The Bangor Daily News reported today that Nordic Aquafarms and Whole Oceans will face competition from another large-scale, land-based salmon operation in Miami, Fla., called Atlantic Sapphire, which is building a $350 million land-based aquafarm with an annual production capacity of 10,000 tons.
Piasio told the newspaper that the worldwide market for farm-raised Atlantic salmon is large enough for all three companies to thrive.
“This opportunity in the U.S. is far larger than one, two, three, six or 10 entrants,” he told the newspaper. “It’s a tremendous opportunity and it’s a long-term strategy for the entire U.S. industry to make a dent in that 500,000 ton number. That’s a big number.”
Piasio stated in the company’s news release, “Over time, Whole Oceans’ mission is to capture 10% of the U.S. Atlantic salmon market using only earth friendly technologies. We will create hundreds of jobs and cement Maine’s leadership in the future of land-based aquaculture.”
Bucksport Town Manager Sue Lessard said in a news release that the town has been working closely with Whole Oceans as the company developed its proposal to repurpose the abandoned Verso paper mill site, which closed in December 2014, resulting in the layoffs of nearly 550 workers.
“We have been working diligently for the past two years to find businesses willing to invest significant capital and provide good jobs in the region,” said Lessard. “Along with Rich Rotella, Bucksport’s community and economic development officer, we have been speaking with the Whole Oceans team for some time and are excited they have chosen Bucksport for this amazing facility. This business will provide an environmentally friendly industrial component for Bucksport while utilizing the assets of the former mill site. It will be an important partner in helping to move the community forward as we improve our economic vitality and diversity.”
Maine Gov. Paul R. LePage agreed, noting that his administration and regulatory agencies have been monitoring the progress of Whole Oceans’ business plans for the Bucksport site for some time.
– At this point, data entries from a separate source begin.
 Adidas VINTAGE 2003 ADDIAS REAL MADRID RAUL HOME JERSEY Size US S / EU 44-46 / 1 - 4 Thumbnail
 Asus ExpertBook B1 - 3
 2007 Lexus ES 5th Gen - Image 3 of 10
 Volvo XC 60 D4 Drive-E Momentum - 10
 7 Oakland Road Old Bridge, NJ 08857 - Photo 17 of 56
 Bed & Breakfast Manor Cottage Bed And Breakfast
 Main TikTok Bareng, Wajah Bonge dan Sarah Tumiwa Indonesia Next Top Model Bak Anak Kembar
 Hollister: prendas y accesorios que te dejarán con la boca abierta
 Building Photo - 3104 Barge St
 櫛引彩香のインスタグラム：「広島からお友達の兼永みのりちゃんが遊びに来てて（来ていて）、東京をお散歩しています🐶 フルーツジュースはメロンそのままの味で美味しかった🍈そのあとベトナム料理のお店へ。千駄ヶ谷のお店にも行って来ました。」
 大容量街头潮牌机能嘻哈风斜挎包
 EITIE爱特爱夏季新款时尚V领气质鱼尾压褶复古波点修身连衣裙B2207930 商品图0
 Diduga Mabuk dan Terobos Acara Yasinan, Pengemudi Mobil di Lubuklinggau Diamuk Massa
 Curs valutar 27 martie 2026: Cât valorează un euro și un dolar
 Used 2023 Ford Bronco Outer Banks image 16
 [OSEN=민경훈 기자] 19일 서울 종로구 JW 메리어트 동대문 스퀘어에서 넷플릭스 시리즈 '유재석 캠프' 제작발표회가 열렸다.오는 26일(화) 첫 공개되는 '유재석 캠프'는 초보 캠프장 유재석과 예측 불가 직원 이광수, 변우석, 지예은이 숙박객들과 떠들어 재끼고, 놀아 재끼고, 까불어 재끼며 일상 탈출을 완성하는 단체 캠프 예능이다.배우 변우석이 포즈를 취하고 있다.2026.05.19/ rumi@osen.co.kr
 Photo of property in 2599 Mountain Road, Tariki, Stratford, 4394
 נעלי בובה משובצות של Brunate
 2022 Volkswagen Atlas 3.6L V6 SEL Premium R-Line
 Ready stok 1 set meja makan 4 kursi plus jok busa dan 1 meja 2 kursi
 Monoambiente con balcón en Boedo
“’Maine is open for business’ has been my motto from Day 1,” LePage said in a news release. “Whole Oceans and its Maine-grown team will be an important addition to our state’s economy and transformative for Bucksport.”
Piasio, whose prior experience includes a 20-plus-year career as a finance and investment banking professional, said his company’s business plan was developed with the help of a team of global leaders in land-based aquafarm technology, including Billund Aquaculture based in Denmark and the Conservation Fund’s Freshwater Institute in West Virginia.
“The Whole Oceans team brings together the world’s longest and unmatched track record of success,” he said.